And then I found it, an unopened packet. “Too light; not chocolates,” I commented, tossing, weighing and considering it. “Look, the picture of a lion drinking tea. Too light to be lion meat. It must be...tea!” I guessed. Second and final rule for the wannabe Sherlock Holmes: “Make inspired guesses.”

I was delighted when my husband nodded, taking the packet from me. “It is. From Madagascar. Natural antioxidant. Caffeine free. Tea bags with no strings attached,” he read. “And straight from the source.”
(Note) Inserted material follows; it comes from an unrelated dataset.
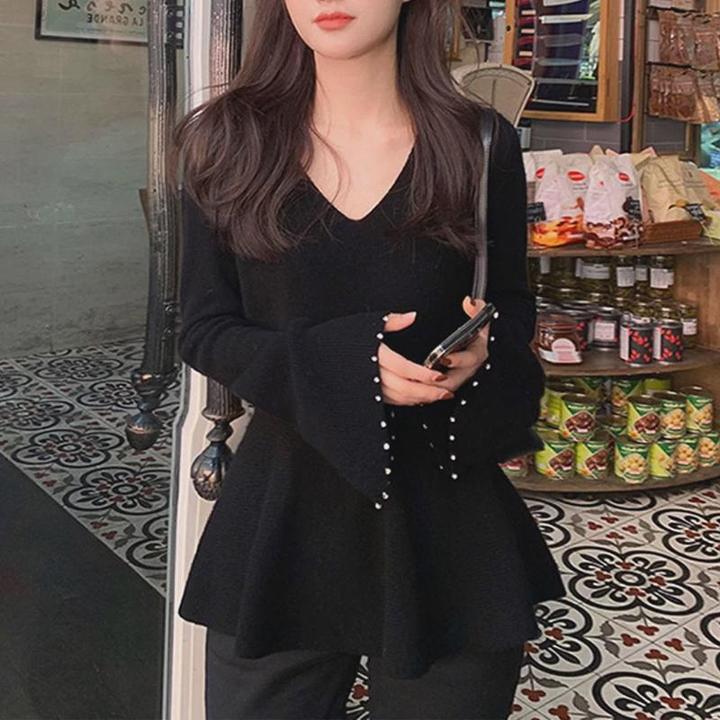 黑色v领喇叭袖羊毛针织打底衫女冬季绝美别致设计感小众内搭上衣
My imagination conjured up a picture of earnest tea-pluckers in Africa picking the leaves and putting them straight into stringless paper bags. “Wow! Our health and environment-conscious son has got the right thing. What colour tea? What flavour? Let’s find out.” I poured boiling water into two cups, scalded my fingers pushing the buoyant teabags in and discovered it was red tea. “Colour red! And flavour?”

“Vanilla!” exclaimed my husband in disgust, pushing away the cup. He had been scrutinising the packet while waiting for the tea to cool. “Why can’t tea taste like tea?” I took a sip and gargled to get the taste out. “Now what do we do with all this healthy tea?” I asked.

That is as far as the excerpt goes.